• AIM OF THE TASK: Print the lines below from the line with "Question number thirty-seven: What" to the line with "Have you ever" exactly, keeping both ends, and print no pictures.

• DATA LISTING:
——

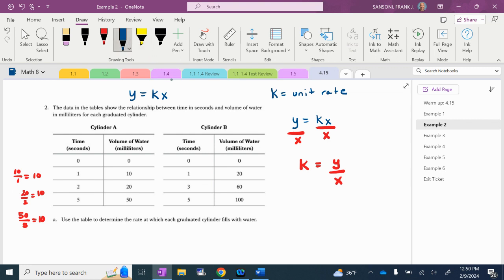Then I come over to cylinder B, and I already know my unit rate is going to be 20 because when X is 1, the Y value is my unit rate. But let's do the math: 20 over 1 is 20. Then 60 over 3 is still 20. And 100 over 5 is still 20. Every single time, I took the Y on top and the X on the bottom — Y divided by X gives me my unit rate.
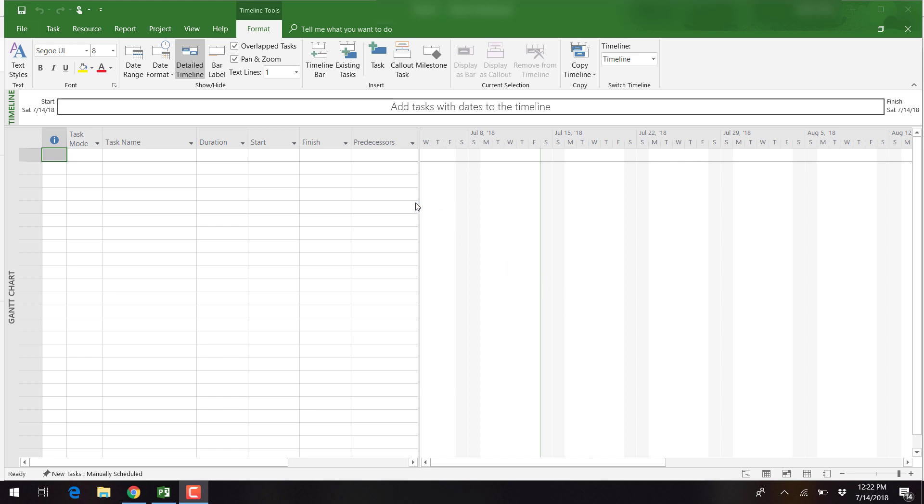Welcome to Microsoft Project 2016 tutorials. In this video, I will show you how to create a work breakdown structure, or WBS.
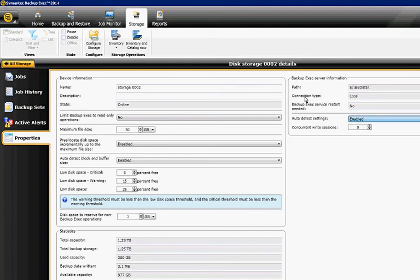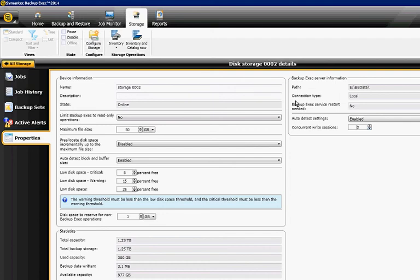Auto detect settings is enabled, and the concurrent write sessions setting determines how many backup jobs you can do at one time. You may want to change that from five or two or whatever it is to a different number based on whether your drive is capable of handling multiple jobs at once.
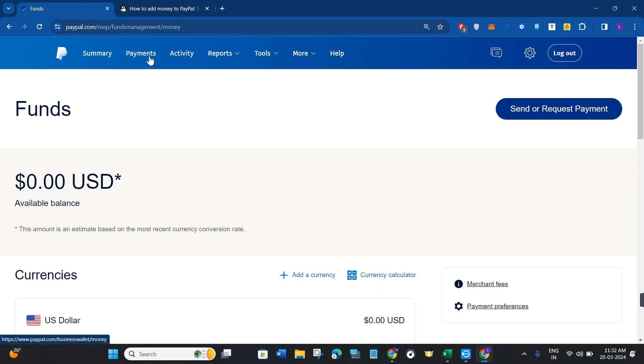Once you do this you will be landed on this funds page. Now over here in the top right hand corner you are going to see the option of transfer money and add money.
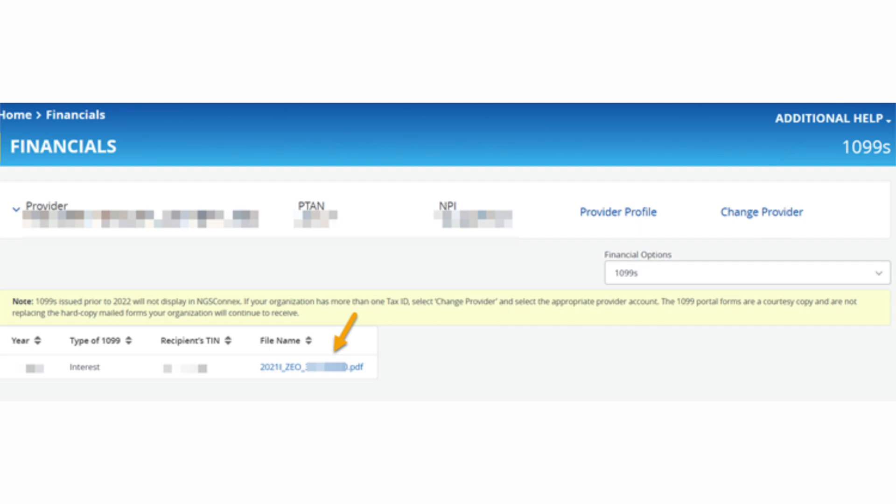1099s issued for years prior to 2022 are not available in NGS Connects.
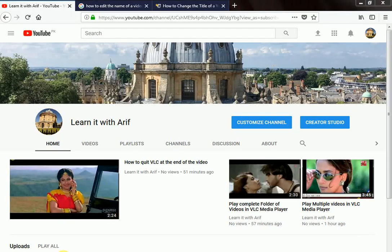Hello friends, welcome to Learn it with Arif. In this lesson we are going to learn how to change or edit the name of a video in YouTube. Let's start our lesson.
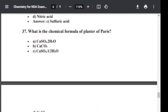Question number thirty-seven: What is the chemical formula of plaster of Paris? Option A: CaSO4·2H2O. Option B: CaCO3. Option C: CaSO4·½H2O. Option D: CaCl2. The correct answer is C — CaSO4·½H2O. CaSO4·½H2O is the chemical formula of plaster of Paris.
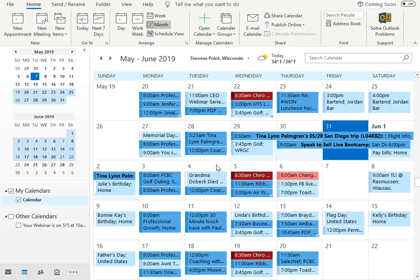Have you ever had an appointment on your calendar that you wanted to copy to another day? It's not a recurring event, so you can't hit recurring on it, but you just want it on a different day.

——

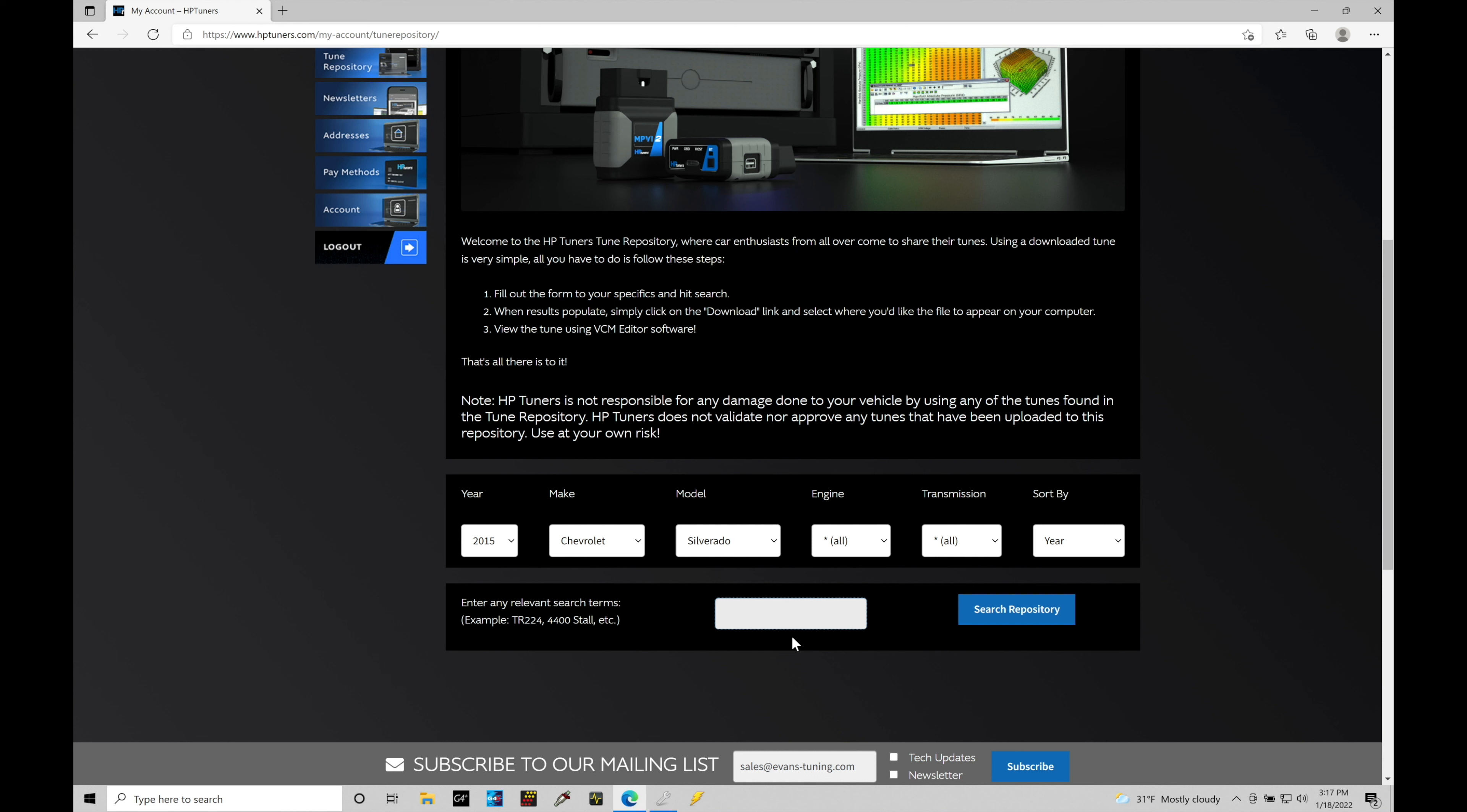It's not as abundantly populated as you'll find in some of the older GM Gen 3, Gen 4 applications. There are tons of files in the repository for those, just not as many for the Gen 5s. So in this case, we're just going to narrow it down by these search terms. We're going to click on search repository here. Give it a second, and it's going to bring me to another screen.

——

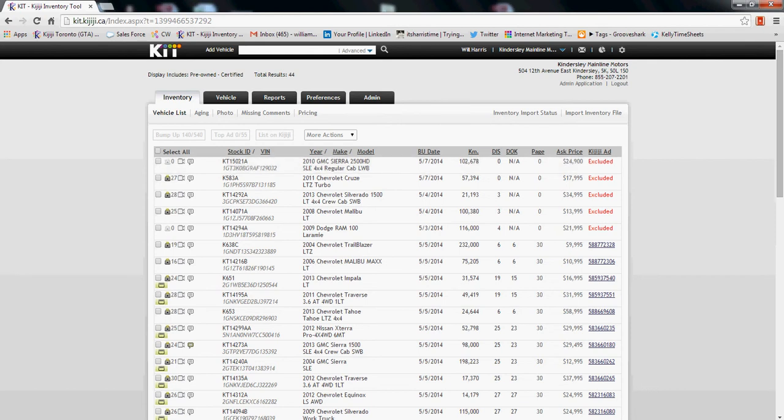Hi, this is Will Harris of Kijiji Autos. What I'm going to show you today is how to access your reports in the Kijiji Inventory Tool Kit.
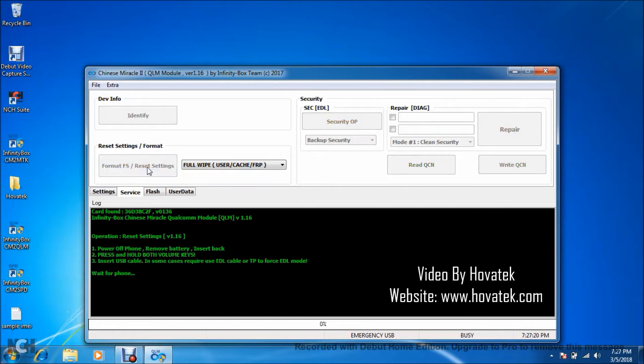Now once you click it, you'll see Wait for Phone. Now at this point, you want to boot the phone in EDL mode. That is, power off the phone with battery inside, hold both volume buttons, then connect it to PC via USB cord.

——

• SOLUTION FOR THIS PROBLEM:
Question number thirty-seven: What is the chemical formula of plaster of Paris? Option A: CaSO4·2H2O. Option B: CaCO3. Option C: CaSO4·½H2O. Option D: CaCl2. The correct answer is C — CaSO4·½H2O. CaSO4·½H2O is the chemical formula of plaster of Paris.
Have you ever had an appointment on your calendar that you wanted to copy to another day? It's not a recurring event, so you can't hit recurring on it, but you just want it on a different day.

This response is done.